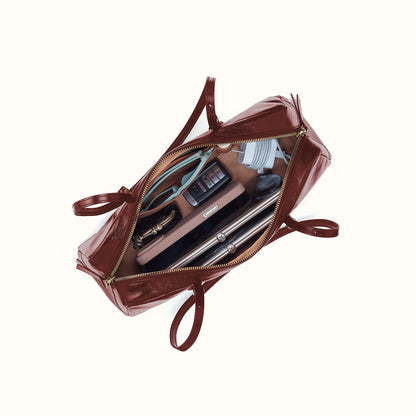 Scottie Satchel In Polished Leather - Harvest Root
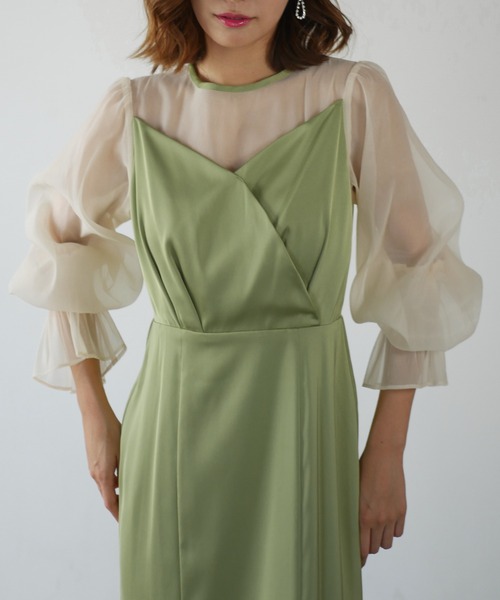 My shawty(マイシャウティー)の「satin volume sleeve dress(ドレス・レディース・グリーン/ネイビー・FREE)」の11枚目の写真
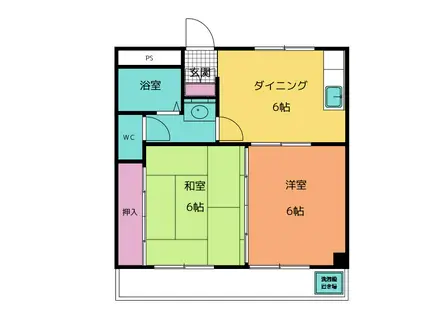 コーポクマダ(2DK/2階)の間取り写真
····················
Return the lines above exactly; the images are not part of the copy.

 Scottie Satchel In Polished Leather - Harvest Root
 My shawty(マイシャウティー)の「satin volume sleeve dress(ドレス・レディース・グリーン/ネイビー・FREE)」の11枚目の写真
 コーポクマダ(2DK/2階)の間取り写真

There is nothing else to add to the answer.